Scribd says goodbye to comics

comics-999504_1920Yesterday,  Nate from The Digital Reader reported that subscription service Scribd has removed comic books from its services. According to the article, Scribd confirmed the deletion in a statement, noting that few users had taken advantage of the comics content. They also said that they had notified comics readers via email in early December.

Now, while I am not a comics reader, I am a Scribd subscriber and can testify to the fact that I certainly did not receive any notice of changes to the service. And while I hadn’t read any comics through the service, as a customer, I would have at least expected to be notified of that significant of a change to its catalog.

Over the past several years, Scribd has made several adjustments to their all-you-can-read subscription service. The service removed the lion’s share of romance novels, decreased the number of audiobooks and finally went to a limited credit system with a rotating selection of free content. The sum total of these changes left many customers extremely dissatisfied.

There are several aspects to this change that are particularly disturbing. First and foremost is the lack of communication on Scribd’s part. One cannot help but wonder if Scribd was hoping to slide the change in under the radar of its main bulk of subscribers. Scribd faced a huge amount of public blowback over the previous paring down of its service. Scribd itself acknowledged that the the comics selection was underutilized. I also suspect  that comics readers may be a lot like romance readers in the amount of content that they consume. They may have decided it was more beneficial to the bottom line to alienate a smaller section of their customer base to save money.

I always get concerned when companies stop communicating. In the past, Scribd was fairly actively engaged in keeping contents updated on its blog. Currently, Scribd has two blogs. The main blog, geared towards customer announcements, is seldom updated. The other blog, called Literally, is penned by Scribd’s editors and features reviews, recommendations, quizzes, essays, and other reading related contents (and is also more frequently updated). There was no mention of the comics issue that I could find on either blog.

Scribd’s actions certainly leave its comics readers in the lurch. It also raises questions about the long-term solvency of Scribd itself as a subscription service. What seems clear is that Scribd has once again decreased its offerings and is  offering less content for the same price. That’s certainly a decrease in perceptive value to its customers and potential subscribers.

Personally, I use Scribd predominantly for ebooks (and the occasional audiobook). Most of the books I use the service for are books that either cost more than I am willing to pay and/or are unavailable at the library.

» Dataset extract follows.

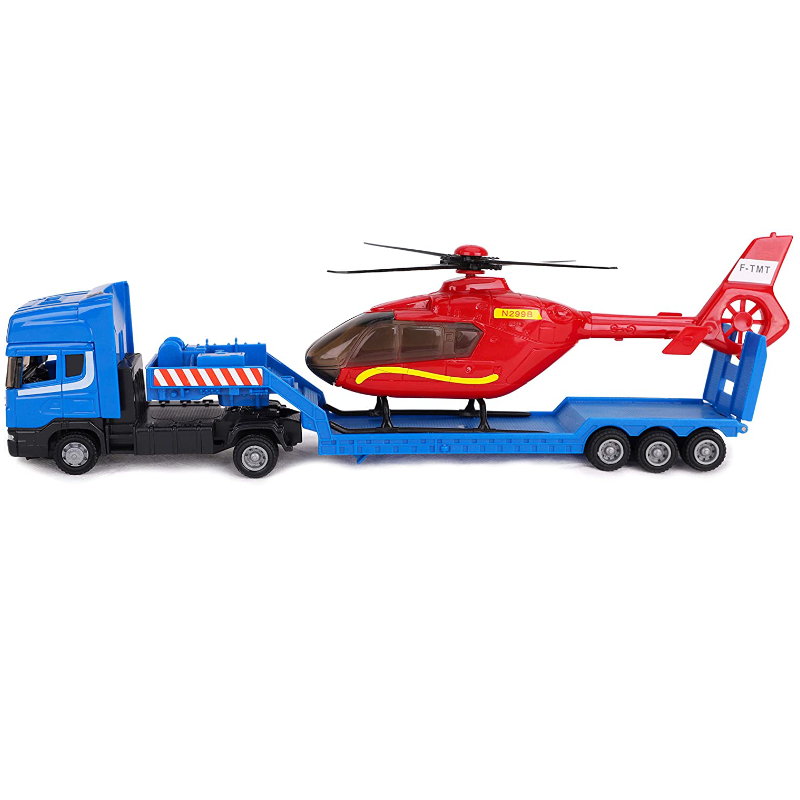Toyland® Scania Flatbed Hauler With Helicopter 148 Scale Free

Since I also buy books, use the library and to subscribe to Kindle Unlimited, even reading one or two books on the service a month is worth the cost for me. However, the company lost a lot of trust with their customers with their previous heavy-handed changes to the catalog. Not openly communicating with their customers certainly doesn’t help that trust issue. While I am not unsubscribing (yet), I sure don’t  see myself purchasing a long-term subscription at this rate.

How about you? What do you think?

NOTE: See my article Free Digital Comics and Graphic Novels for sources of free comics.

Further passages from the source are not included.